Puis, il s’efforça de réconforter Pierre, de le rendre à son espoir, en lui reparlant du cardinal Sanguinetti, si aimable, si plein de promesses ; et, bien que le jeune prêtre rentrât très heureux, dans l’idée que son livre n’était pas condamné encore et qu’il triompherait peut-être, si on l’aidait, il répondit à peine, tout à sa rêverie. Santobono ne parla pas, ne bougea pas, comme disparu, noir dans la nuit noire. Et les lumières de Rome s’étaient multipliées, des maisons avaient reparu, à droite, à gauche d’abord espacées largement, peu à peu ininterrompues. C’était le faubourg, des champs de roseaux encore, des haies vives, des oliviers dont la tête dépassait les longs murs de clôture, de grands portails aux piliers surmontés de vases, enfin la ville, avec ses rangées de petites maisons grises, de commerces pauvres, de cabarets borgnes, d’où sortaient parfois des cris et des bruits de bataille.
Prada voulut absolument conduire ses compagnons rue Giulia, à cinquante mètres du palais.
« Cela ne me gêne pas, et d’aucune façon, je vous assure... Voyons, vous ne pouvez achever la route à pied, pressés comme vous l’êtes ! »

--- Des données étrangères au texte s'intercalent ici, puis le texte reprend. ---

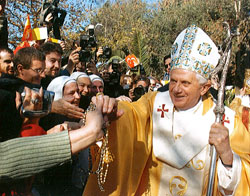 Benoît XVI salue les fidèles à Éphèse, le 29 novembre 2006.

Déjà, la rue Giulia dormait dans sa paix séculaire, absolument déserte, d’une mélancolie d’abandon, avec la double file morne de ses becs de gaz. Et, dès qu’il fut descendu de voiture, Santobono n’attendit pas Pierre, qui, d’ailleurs, passait toujours par la petite porte, sur la ruelle latérale.
« Au revoir, l’abbé.
- Au revoir, monsieur le comte. Mille grâces ! » Alors, tous deux purent le suivre du regard jusqu’au palais Boccanera, dont la vieille porte monumentale, noire d’ombre, était encore grande ouverte.
Un instant, ils virent sa haute taille rugueuse qui barrait cette ombre. Puis, il entra, il s’engouffra avec son petit panier, portant le destin.